_What you need to do_: Without including any pictures, write out the data below exactly.

_Raw data_:
===
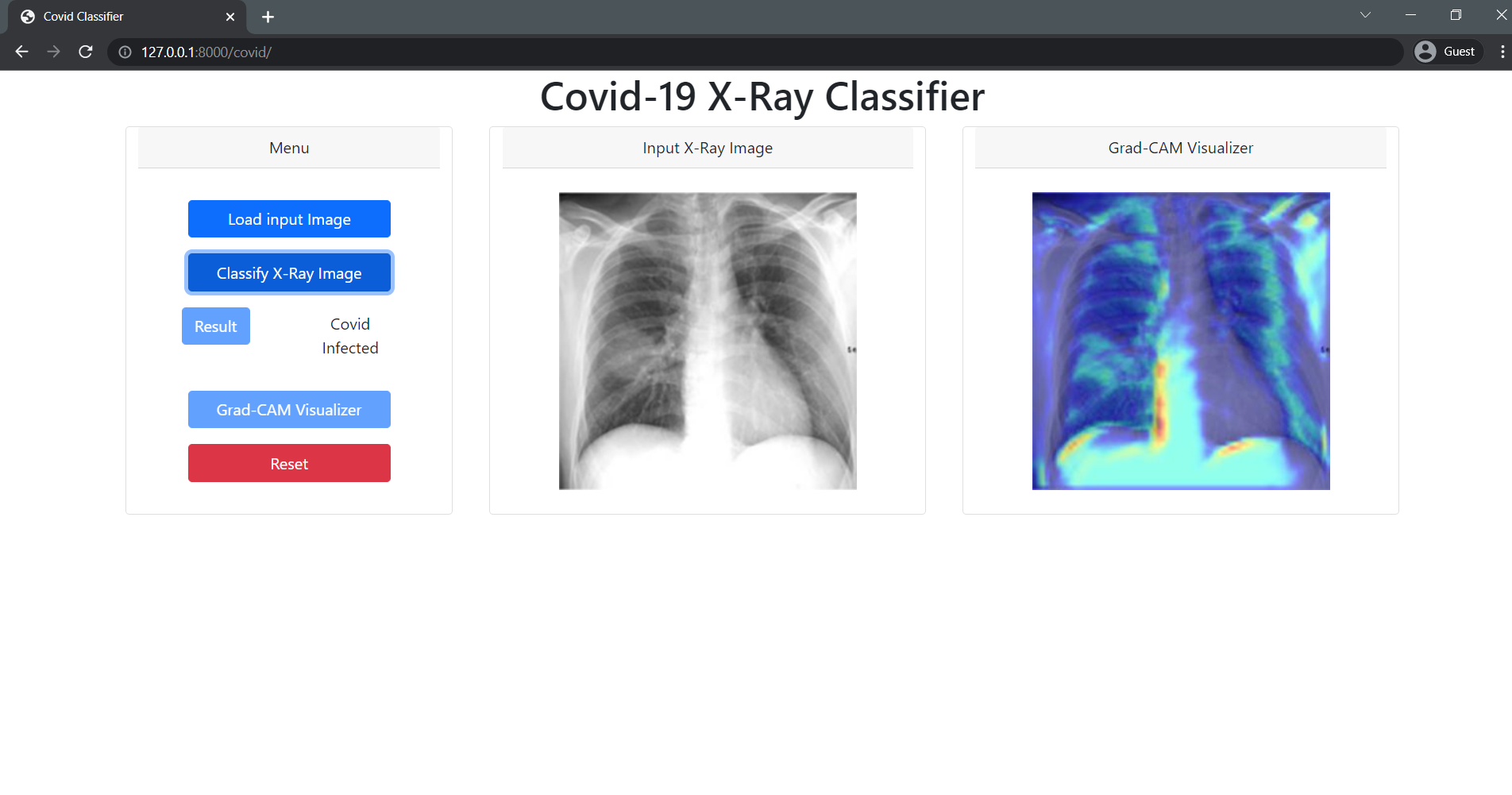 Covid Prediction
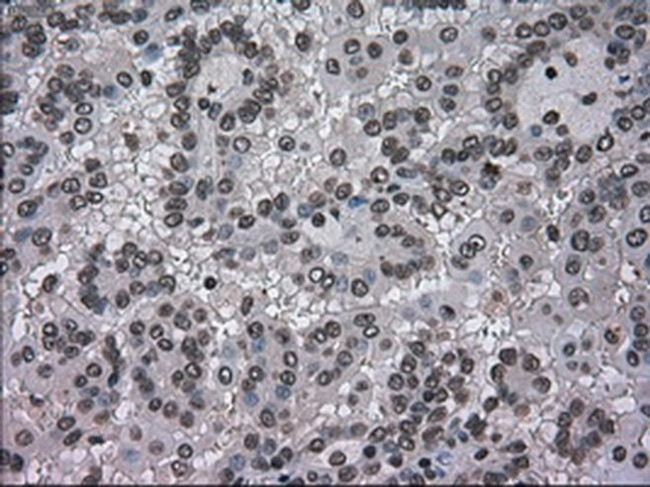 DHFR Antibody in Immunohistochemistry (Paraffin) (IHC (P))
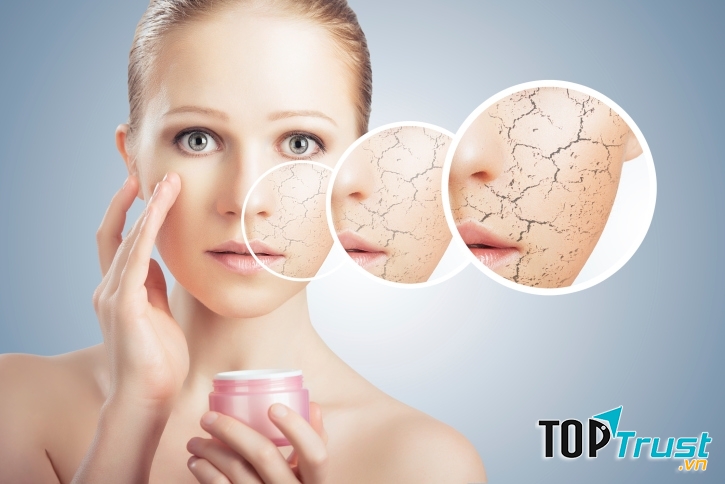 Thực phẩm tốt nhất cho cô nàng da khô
===
_Written response_:
 Covid Prediction
 DHFR Antibody in Immunohistochemistry (Paraffin) (IHC (P))
 Thực phẩm tốt nhất cho cô nàng da khô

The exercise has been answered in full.